In fact, many of those same presidents whose centers and libraries are calling to “protect democracy” have engaged in their own share of attacks on civil liberties and majority rule […]

That the Bush Foundation in particular came up with the idea for the letter is a juicy bit of Orwellian irony. Though he’s been increasingly rehabilitated in the public eye, with no small help from the Democratic Party, Bush’s eight years in the White House were a gross affront to democracy.

As Caitlyn Johnstone has pointed out, the fact that Bush, and his British collaborator Tony Blair, aren’t fronting the Hague makes a mockery of Western governments’ fulminating against Vladimir Putin for doing nothing different than they did.
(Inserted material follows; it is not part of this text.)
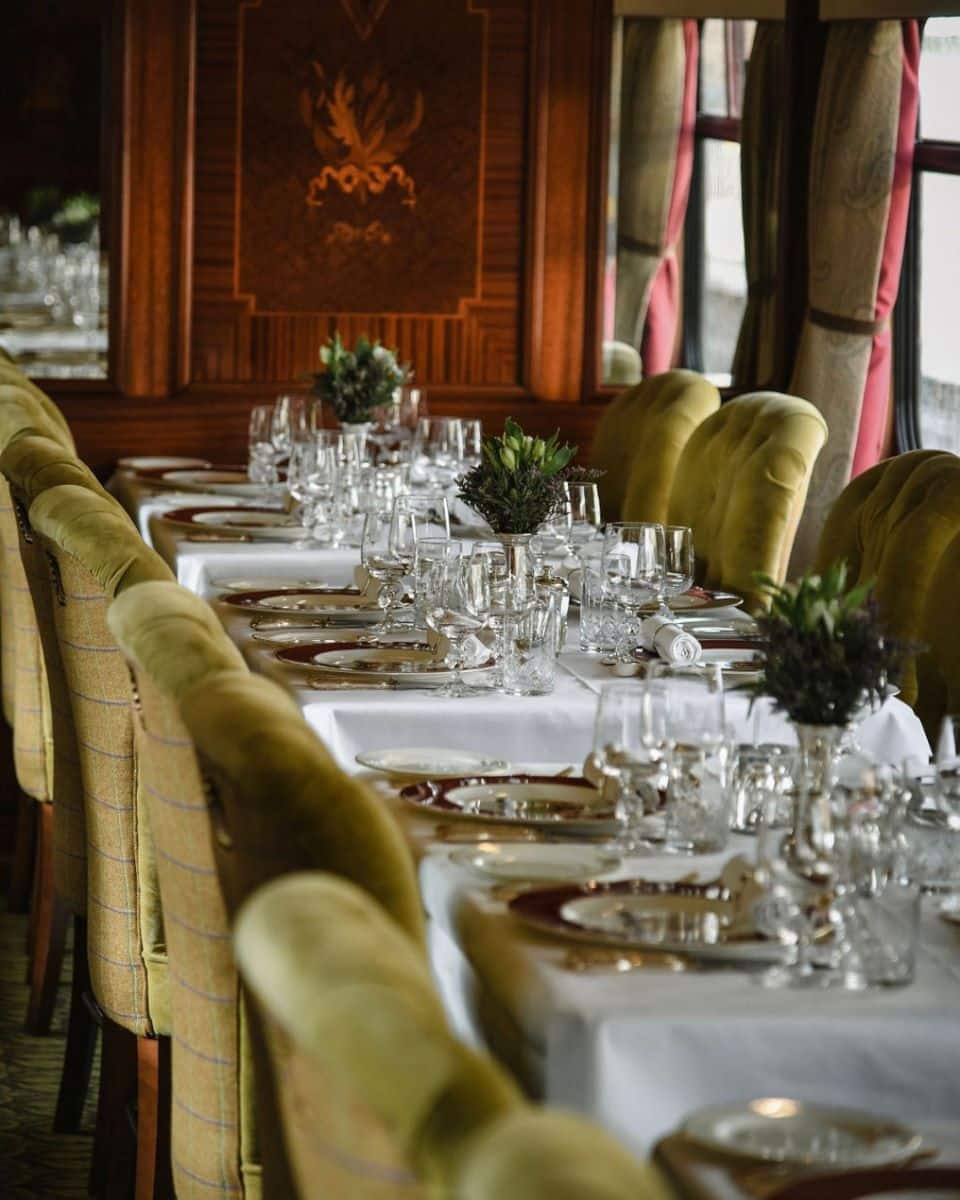 un salon de luat masa dintr-un vagon de trenuri internaționale de lux, cu scaune verzi și veselă scumpă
Following the 9/11 terrorist attacks and the subsequent congressional anthrax scare, Bush took advantage of and stoked Americans’ collective fear to expand the powers of the presidency and violate constitutional rights. The Bush administration promptly passed the Patriot Act, closely based on a bill from the 1990s written by Joe Biden that had earlier been rejected by both parties for its illegal expansion of government surveillance.

Indeed, it was a damning indictment on America’s political class that, in exactly 200 years, it had gone from the presidency being contested by two intellectual titans of the day — John Adams and Thomas Jefferson — to an indecent squabble between a grinning doofus and a mid-wit liar.

But, if I thought that the USA couldn’t elect a worse president than Dubya, they soon made a fool of me and elected Barack Obama.

Barack Obama similarly built out illegal domestic and foreign surveillance efforts, including prosecuting and torturing whistleblowers like Chelsea Manning, Daniel Hale, and Edward Snowden. The Obama administration also expanded the unilateral executive use of drone warfare without congressional approval, which included claiming the authority to assassinate American citizens without a trial or due process.

Like his predecessors, Obama carried out or supported disastrous regime change efforts, launching military intervention in Libya, intervening in Haiti’s elections, and legitimizing Honduras’s right-wing coup government. His administration also detained undocumented immigrants en masse — building and making use of the same facilities liberals correctly described as concentration camps during the Trump presidency.

Jacobin

At one point, Jacobin almost gets it, when it notes that Trump merely didn’t pretend to be anything other than what he was: a maverick outsider. As one left-leaning American friend of mine put it, Trump is the rich kid who’s never had to care what other people think of him. What Jacobin misses, though, is that that’s what makes him dangerous to the very Washington establishment it purports to hate.

But if they were so capable of shucking off their leftist blinkers, then, well, they wouldn’t be Jacobin.